先週の米国市場、NYダウ終値は3万2,920ドル

 続いて、米国株市場の値動きについても確認していきます。先週の米国では11月のCPI(消費者物価指数)やFOMC(米連邦公開市場委員会)という注目イベントの動向が注目されていました。

(図3)米NYダウ(日足)とMACDの動き (2022年12月16日取引終了時点)

出所:MARKETSPEEDⅡを元に筆者作成

 先週末16日(金)のNYダウ(ダウ工業株30種平均)終値は3万2,920ドルでした。前週末終値(3万3,476ドル)からは556ドル安でしたが、週間の値幅(高値と安値の差)は2,000ドルを超えており、値動きがかなり大きくなりました。

 当然ながら、こうした荒い値動きの背景には、米国の注目イベントが影響しています。週前半のNYダウは米11月CPIが発表された13日(火)の取引時間中に3万4,712ドルまで上昇し、12月1日の直近高値を更新する場面がありました。

 その米11月CPIですが、前年比でプラス7.1%という結果でした。物価上昇の水準自体は依然として高いものの、市場予想(プラス7.3%)を下回り、上昇率の鈍化傾向が5カ月続いたことで、インフレ懸念の峠は越えたという見方が強まり、FRB(米連邦準備制度理事会)の利上げ長期化への警戒が和らいだ格好です。

 ただし、この日のローソク足を見ると、上ヒゲの長いものとなっており、高値をつけてからの上昇幅がかなり縮小する展開となりました。

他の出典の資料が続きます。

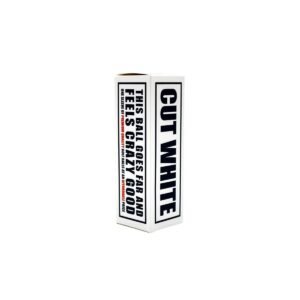 Cut Golf 12pk Matte Golf Balls - White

そして、翌14日(水)以降のNYダウは下げ基調を強める展開へと転じていきました。

 テクニカル分析的には、50日と200日の移動平均線による「ゴールデン・クロス」が出現し、移動平均線の並びが株価の高い順から、25日・50日・200日と並ぶ「パーフェクト・オーダー」と呼ばれる形状となって、中長期的な株高期待のサインも見られるのですが、下段のMACDが下向きを強め、「0ドル」ライン割れも見えていることもあり、短期的な株価はもう一段階下落しそうな雰囲気を醸(かも)し出しています。

 目先は50日および200日移動平均線水準で株価が下げ止まれるかがポイントになります。

 こうした週末の株価下落局面においては、FOMCの動向が絡んでいます。

 FOMCでは利上げ幅が0.5%に決定されるなど、結果自体は想定通りだったのですが、その後のパウエル議長をはじめとするFRBのタカ派的な姿勢を改めて警戒する動きとなったことや、先週発表された米11月小売売上高が予想以上に減少したことも重なり、景況感への警戒が高まったことが株価の下げ足を早めたと考えられます。

 ここで重要なのは、FRBからのメッセージ自体に変化はないにもかかわらず、市場の受け止め方が変化して株価が下落した可能性がある点です。目先の株式市場は、「景況感の悪化に敏感に反応しやすくなっている」という前提で相場に臨む必要があります。

 今週はクリスマス休暇絡みで売買が少なくなることが見込まれることをはじめ、景気動向を映す鏡とされる米物流大手のフェデックスや、半導体関連株のマイクロン・テクノロジーの決算が発表される予定となっていることもあり、警戒感がくすぶる状況下で株価の下げ止まりと反発が試される週になりそうです。